» DATASET EXTRACT:
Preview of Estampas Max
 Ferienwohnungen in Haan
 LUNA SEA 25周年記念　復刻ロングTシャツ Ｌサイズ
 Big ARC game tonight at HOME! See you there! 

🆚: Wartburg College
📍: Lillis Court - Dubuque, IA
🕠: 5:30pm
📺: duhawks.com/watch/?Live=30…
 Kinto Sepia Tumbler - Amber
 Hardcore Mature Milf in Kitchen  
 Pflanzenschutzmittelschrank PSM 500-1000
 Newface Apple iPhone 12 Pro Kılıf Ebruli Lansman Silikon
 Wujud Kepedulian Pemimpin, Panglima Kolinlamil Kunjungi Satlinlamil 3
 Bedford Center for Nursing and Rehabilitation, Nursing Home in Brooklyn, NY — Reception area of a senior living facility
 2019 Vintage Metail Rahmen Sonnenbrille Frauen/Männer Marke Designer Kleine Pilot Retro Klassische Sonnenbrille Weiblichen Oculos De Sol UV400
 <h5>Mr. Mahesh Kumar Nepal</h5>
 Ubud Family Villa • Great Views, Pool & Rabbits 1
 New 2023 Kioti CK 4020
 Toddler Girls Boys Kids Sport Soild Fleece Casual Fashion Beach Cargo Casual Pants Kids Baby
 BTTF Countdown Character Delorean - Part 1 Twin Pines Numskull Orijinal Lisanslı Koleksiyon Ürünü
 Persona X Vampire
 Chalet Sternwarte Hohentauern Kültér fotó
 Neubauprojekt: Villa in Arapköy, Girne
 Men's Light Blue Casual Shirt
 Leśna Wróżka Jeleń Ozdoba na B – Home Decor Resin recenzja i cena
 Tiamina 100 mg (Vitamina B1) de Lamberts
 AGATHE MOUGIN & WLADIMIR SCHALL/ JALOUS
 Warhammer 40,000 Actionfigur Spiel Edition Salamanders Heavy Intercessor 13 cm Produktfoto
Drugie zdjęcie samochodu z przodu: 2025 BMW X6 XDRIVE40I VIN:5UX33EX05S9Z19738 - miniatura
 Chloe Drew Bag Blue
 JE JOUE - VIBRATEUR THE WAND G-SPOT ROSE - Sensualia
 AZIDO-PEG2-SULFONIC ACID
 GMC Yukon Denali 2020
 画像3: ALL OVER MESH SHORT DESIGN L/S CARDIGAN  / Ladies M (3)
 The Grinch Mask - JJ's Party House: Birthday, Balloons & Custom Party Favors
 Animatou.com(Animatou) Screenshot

» ACTIVITY: Down to the last line, reproduce the entries above precisely.

» YOUR SOLUTION:
Preview of Estampas Max
 Ferienwohnungen in Haan
 LUNA SEA 25周年記念　復刻ロングTシャツ Ｌサイズ
 Big ARC game tonight at HOME! See you there! 

🆚: Wartburg College
📍: Lillis Court - Dubuque, IA
🕠: 5:30pm
📺: duhawks.com/watch/?Live=30…
 Kinto Sepia Tumbler - Amber
 Hardcore Mature Milf in Kitchen  
 Pflanzenschutzmittelschrank PSM 500-1000
 Newface Apple iPhone 12 Pro Kılıf Ebruli Lansman Silikon
 Wujud Kepedulian Pemimpin, Panglima Kolinlamil Kunjungi Satlinlamil 3
 Bedford Center for Nursing and Rehabilitation, Nursing Home in Brooklyn, NY — Reception area of a senior living facility
 2019 Vintage Metail Rahmen Sonnenbrille Frauen/Männer Marke Designer Kleine Pilot Retro Klassische Sonnenbrille Weiblichen Oculos De Sol UV400
 <h5>Mr. Mahesh Kumar Nepal</h5>
 Ubud Family Villa • Great Views, Pool & Rabbits 1
 New 2023 Kioti CK 4020
 Toddler Girls Boys Kids Sport Soild Fleece Casual Fashion Beach Cargo Casual Pants Kids Baby
 BTTF Countdown Character Delorean - Part 1 Twin Pines Numskull Orijinal Lisanslı Koleksiyon Ürünü
 Persona X Vampire
 Chalet Sternwarte Hohentauern Kültér fotó
 Neubauprojekt: Villa in Arapköy, Girne
 Men's Light Blue Casual Shirt
 Leśna Wróżka Jeleń Ozdoba na B – Home Decor Resin recenzja i cena
 Tiamina 100 mg (Vitamina B1) de Lamberts
 AGATHE MOUGIN & WLADIMIR SCHALL/ JALOUS
 Warhammer 40,000 Actionfigur Spiel Edition Salamanders Heavy Intercessor 13 cm Produktfoto
Drugie zdjęcie samochodu z przodu: 2025 BMW X6 XDRIVE40I VIN:5UX33EX05S9Z19738 - miniatura
 Chloe Drew Bag Blue
 JE JOUE - VIBRATEUR THE WAND G-SPOT ROSE - Sensualia
 AZIDO-PEG2-SULFONIC ACID
 GMC Yukon Denali 2020
 画像3: ALL OVER MESH SHORT DESIGN L/S CARDIGAN  / Ladies M (3)
 The Grinch Mask - JJ's Party House: Birthday, Balloons & Custom Party Favors
 Animatou.com(Animatou) Screenshot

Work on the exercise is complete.